ぼくがこれまでに翻訳を出した作家は、死んだ人ばかりだった。古い順に言うと、ホセ・マルティ:1895年に死んでいる。アレホ・カルペンティエール:1980年に死んだ。ぼくがカルペンティエールを読み始めたのは彼が死んで4年後のことだ。フィデル・カストロ:これは作家ではないし、生きているけど、何と言うか、そもそもアンタッチャブルだ。ロベルト・ボラーニョ:2003年に死んだ。先日書いた、訳したっきり本になっていない小説の作者はベニート・ペレス=ガルドス:1912年没。
ロベルト・ゴンサーレス=エチェバリーアというのは、Alejo Carpentier: The Pilgrim at Home という研究書を書いたイェール大学の先生で、その彼はこの本の第2版前書きにカルペンティエールとのつき合いを披瀝した後で、批評家は対象となる作家とはあまりべたべたし過ぎても行けない、ある程度距離を置かねば、というようなことを書いていた。
キューバ革命を逃げた家族の子供であるゴンサーレス=エチェバリーアと革命内に危うくも留まり続けたカルペンティエールの間には、ときおり、革命が介在して、うまく会えないことも多々あった、というような事情なのだが、それは措くとしても、まあそのとおりだろうなとは思う。ぼくはそもそも人見知りする人間だから、何かの仕事の都合で知遇を得ることがあったとしても、わざわざ出かけていって会おうとは思わないというのが本当のところでもある。だから本当はガボに会ったと言われても、それほどうらやましくはないのだ。基本的には。

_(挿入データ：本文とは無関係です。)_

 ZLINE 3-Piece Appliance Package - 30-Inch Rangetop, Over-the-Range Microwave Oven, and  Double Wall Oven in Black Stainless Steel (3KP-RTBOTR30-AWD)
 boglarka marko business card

作家ではないが、たとえばぼくは、愛してやまないシネアスト、ビクトル・エリセが『マルメロの陽光』のプロモーションで来日したとき(1993)に、1週間ほど通訳として張り付いた経験があり、そのときに名刺などもいただき、別れ際にはマドリードに来たらいつでも寄ってくれ、と言われたこともある。この1週間はぼくの人生の中で最も幸せな日々だったと言ってもいいのだけど、だからといって本当にマドリードに行った時に彼を頼っていったわけではないし、その気も起きなかった。そういう人間なのだな、ぼくは。何かの仕事の関わりで会えるならそれはそれでいい。でもその関係をがんばって保つ必要はない。関わりあいのあった時間が幸せであればいい。
おっと、そういえば今、ぼくは初めて生きた作家の小説を翻訳しているのだった。わからない箇所も少なからずある。著者に質問すべきかな? そのことを「あとがき」に書くべきかな。
それ以前に、そういえば、あるキューバの作家が日本にやって来て、その人と仕事をするのであった。10月20日(水)の話。「キューバ文化の日」という催しがセルバンテス文化センターである。その後ふたりの友情をあたため、はぐくみ、どちらかが死ぬまで持続させるべきかな? 作家というのは、あの『アディオス、ヘミングウェイ』の著者だ。